Jeff Blackett has said that he will not resign as the disciplinary officer of the Rugby Football Union (RFU).
Martyn Thomas quit as chairman on Sunday after being criticised in Judge Blackett's review of the administrative crisis engulfing Twickenham.
The RFU's refusal to allow the publication of Blackett's findings left him reconsidering his position.
But, said Blackett, "hundreds urged me not to resign [and] to remain to help to improve the governance of the RFU".
He added that he did not appreciate the manner in which the situation had been handled.
"We hoped that council would accept the report and discuss the recommendations," continued Blackett's statement.
"The report contains some criticism of the former chairman of the RFU, the board and some of the governance of the union.
"We were particularly very disappointed about the amount of leaking of confidential information which caused significant reputational damage to the union.
"The recommendations were designed to restore confidence in the union, to begin to rebuild its tarnished reputation and to start a process to improve our governance.
"Whether or not the report is published is now a matter for them [council] and not me because they have taken ownership of it.
"My panel and I were disappointed by council's decisions and I indicated that I would have to consider my position."
Blackett added that the acting chairman of the RFU, Paul Murphy, would ensure that the issues highlighted in the 52-page report would be addressed.
Thomas remains acting chief executive until a permanent appointment is made and the rest of the management board will also stay put after a vote of no confidence was reportedly defeated by a majority verdict.
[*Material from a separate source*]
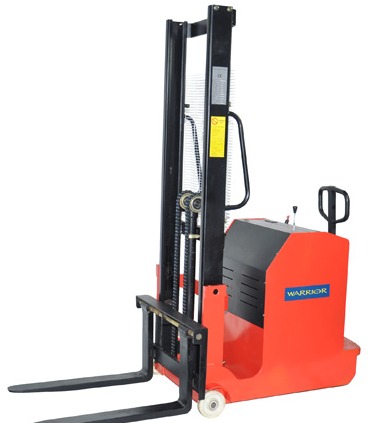 New Warrior semi electric forklift stacker handles all pallet types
Oxfordshire RFU council member Murphy is to serve as interim chairman pending a special general meeting, when Thomas's permanent replacement will be decided.
The departure of Thomas follows that of chief executive John Steele, who was ousted in June.
The special general meeting, however, can not take place for at least 60 days, meaning that the RFU will be without a chairman when the World Cup in New Zealand starts in less than nine weeks' time.
It raises the possibility of potential embarrassment for the RFU if no fixed chairman is in place when the World Cup is handed over to England as the host nation for the 2015 tournament.
Meanwhile, the search continues for an elite performance director, the handling of which was said to have been a key factor in the board's loss of confidence over Steele's position as chief executive.
Former England coach Sir Clive Woodward, who had been tipped to become the RFU's elite performance director before opting to remain in his current post as deputy chef de mission for London 2012 with the British Olympic Association, has urged his former employers to act swiftly.
"You hope for the sake of rugby they have to move on quickly," he said. "Thankfully there is a Rugby World Cup coming up so people can focus on matters on the pitch.
"There are a lot of good people at Twickenham and I'm sure they will get it sorted out."